The genus Philodendron contains a bunch of very popular houseplants, and it doesn’t look like this is about to change any time soon. In fact, with plenty of new cultivars being produced (‘Rojo Congo’, ‘Prince of Orange’, ‘Pink Princess’, ‘Birkin’), it looks like this plant is sure to maintain its top spot!

Although Philodendron care is not too challenging and the species can be grown by beginners, there’s always a chance you’ll run into problems. Let’s discuss a few of the most common issues with Philodendron to help get your plant back on track.

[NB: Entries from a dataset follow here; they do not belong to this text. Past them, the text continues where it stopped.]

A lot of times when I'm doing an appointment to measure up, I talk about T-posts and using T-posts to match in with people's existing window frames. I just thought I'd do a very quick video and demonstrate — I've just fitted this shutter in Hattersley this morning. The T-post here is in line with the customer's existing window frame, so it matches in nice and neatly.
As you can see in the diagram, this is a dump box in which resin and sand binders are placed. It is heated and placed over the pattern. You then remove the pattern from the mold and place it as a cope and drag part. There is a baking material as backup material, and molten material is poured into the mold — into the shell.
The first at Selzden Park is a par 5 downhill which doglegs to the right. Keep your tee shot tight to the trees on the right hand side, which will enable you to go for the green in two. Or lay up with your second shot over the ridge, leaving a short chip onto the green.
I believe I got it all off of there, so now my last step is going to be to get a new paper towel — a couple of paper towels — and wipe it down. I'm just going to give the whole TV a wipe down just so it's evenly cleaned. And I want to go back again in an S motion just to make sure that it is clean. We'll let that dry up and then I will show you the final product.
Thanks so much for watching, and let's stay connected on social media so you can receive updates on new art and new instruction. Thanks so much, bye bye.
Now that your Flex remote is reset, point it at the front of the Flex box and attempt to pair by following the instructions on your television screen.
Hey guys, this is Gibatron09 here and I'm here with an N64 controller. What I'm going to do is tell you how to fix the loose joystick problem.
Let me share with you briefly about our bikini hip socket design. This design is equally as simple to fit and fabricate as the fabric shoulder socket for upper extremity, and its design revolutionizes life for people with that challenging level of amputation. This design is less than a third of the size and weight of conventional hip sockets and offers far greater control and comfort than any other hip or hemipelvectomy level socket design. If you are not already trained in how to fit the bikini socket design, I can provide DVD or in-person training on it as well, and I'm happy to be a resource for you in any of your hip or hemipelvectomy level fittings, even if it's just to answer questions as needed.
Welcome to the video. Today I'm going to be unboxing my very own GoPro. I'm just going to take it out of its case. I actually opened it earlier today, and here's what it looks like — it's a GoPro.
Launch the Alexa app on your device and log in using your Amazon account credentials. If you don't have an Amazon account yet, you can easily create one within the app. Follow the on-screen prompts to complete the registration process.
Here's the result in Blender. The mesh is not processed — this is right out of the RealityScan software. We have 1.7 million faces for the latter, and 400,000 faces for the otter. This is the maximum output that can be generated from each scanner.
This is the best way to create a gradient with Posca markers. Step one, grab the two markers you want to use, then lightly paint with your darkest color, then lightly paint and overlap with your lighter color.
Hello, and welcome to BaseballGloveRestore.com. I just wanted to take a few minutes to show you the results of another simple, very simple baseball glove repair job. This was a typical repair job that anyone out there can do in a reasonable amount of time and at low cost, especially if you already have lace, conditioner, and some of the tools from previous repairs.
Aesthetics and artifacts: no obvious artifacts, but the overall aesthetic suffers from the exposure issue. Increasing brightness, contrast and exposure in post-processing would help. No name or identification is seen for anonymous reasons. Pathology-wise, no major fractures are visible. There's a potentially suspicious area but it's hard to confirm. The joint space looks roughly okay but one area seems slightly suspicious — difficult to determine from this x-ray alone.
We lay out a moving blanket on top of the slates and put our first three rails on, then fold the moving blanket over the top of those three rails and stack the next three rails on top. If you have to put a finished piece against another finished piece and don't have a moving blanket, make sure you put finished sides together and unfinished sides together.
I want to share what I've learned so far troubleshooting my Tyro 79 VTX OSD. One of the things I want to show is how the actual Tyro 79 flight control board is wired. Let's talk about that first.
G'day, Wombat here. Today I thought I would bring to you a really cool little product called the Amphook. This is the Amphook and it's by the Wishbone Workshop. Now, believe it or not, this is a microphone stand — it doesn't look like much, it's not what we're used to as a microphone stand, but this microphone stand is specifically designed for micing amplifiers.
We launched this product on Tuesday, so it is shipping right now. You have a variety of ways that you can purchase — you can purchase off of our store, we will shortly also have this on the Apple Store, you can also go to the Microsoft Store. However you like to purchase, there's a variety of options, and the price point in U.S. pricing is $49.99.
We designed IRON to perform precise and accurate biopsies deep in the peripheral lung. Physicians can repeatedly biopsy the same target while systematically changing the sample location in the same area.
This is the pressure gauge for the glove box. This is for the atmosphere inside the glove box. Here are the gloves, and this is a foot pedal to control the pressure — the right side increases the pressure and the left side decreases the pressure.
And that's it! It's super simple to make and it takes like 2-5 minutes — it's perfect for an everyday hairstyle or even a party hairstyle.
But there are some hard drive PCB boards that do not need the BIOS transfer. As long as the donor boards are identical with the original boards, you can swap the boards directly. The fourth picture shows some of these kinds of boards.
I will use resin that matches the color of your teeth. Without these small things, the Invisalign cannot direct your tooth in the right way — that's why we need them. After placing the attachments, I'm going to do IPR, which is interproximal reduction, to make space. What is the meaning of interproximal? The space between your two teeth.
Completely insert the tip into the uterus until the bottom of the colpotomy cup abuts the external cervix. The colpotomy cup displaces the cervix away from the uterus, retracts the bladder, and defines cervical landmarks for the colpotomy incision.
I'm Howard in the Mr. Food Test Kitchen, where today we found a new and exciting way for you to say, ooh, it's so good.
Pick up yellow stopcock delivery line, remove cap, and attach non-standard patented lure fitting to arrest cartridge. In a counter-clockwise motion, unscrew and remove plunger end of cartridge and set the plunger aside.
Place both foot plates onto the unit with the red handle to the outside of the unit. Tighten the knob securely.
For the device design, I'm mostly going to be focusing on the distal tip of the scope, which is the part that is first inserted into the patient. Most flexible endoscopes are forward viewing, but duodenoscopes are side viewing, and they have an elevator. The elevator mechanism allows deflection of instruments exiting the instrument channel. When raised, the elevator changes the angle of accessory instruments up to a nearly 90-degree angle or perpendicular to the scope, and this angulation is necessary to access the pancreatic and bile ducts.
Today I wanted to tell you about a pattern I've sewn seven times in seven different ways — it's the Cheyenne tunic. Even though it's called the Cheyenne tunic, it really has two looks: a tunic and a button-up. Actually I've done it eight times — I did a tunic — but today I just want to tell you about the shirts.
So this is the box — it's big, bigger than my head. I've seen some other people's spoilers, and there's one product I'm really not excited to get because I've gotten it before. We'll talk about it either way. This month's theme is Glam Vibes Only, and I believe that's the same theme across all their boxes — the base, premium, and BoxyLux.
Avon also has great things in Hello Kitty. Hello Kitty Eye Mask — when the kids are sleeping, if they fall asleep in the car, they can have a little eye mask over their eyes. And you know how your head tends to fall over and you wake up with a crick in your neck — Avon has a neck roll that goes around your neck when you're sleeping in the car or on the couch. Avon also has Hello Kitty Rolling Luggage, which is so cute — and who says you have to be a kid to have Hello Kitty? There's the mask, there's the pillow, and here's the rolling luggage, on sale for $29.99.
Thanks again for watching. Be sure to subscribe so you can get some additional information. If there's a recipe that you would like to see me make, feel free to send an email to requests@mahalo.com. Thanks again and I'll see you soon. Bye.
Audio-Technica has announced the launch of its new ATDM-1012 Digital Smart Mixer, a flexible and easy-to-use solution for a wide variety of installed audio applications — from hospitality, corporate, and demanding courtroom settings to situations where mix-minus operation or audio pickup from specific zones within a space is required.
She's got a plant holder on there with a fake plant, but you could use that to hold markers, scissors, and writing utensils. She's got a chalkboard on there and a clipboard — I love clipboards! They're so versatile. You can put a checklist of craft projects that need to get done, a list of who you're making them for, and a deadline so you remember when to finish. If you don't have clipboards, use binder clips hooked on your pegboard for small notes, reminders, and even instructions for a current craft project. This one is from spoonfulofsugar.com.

Although there are many different Philodendron cultivars and species, these tips roughly apply to all of them. If we’re discussing an issue specific to one type of Philodendron, I’ll make that clear.

Philodendron ‘Birkin’ or ‘Pink Princess’ reverting

Problem: Philodendron losing variegation
Causes: Light, spontaneous

Reverting, also known as losing variegation, is an issue that can pop up with variegated and multicolored cultivars like Philodendron ‘Birkin’ and Philodendron ‘Pink Princess’.

There can be different reasons for this happening, and luckily, usually it’s just a tweak to get your plant back on track for beautiful coloration.

  • Philodendron ‘Birkin’ or ‘Pink Princess’ losing variegation due to lack of light: Yep, these guys do like things bright. If the new leaves on your plant are coming out green(er), the first thing you should do is check whether it’s close enough to a window. It should be able to see the sky from where it’s placed!
  • Philodendron ‘Birkin’ or ‘Pink Princess’ losing variegation spontaneously: Unfortunately, this is something that can happen. Cultivars like this one aren’t always 100% stable. If the non-variegated leaves keep coming and/or bother you, you can always cut at the last variegated leaf. New variegated foliage might pop up.
  • Philodendron ‘Birkin’ or ‘Pink Princess’ changing color: Unless it’s turning brown or yellow, then this is also nothing to worry about. A ‘Birkin’, for example, can produce half-variegated, half-normal (green or brownish red) leaves, (almost) fully cream leaves, partly pink foliage or even differently shaped ones. Cut them away if it bothers you or sit back and enjoy the ride!
Philodendron 'Birkin' houseplant in a hanging planter.
Philodendron ‘Birkin’ (top) might lose its leaf variegation if you don’t take care to provide enough light. Worry not: switch it to a higher light spot and new leaves will come out better.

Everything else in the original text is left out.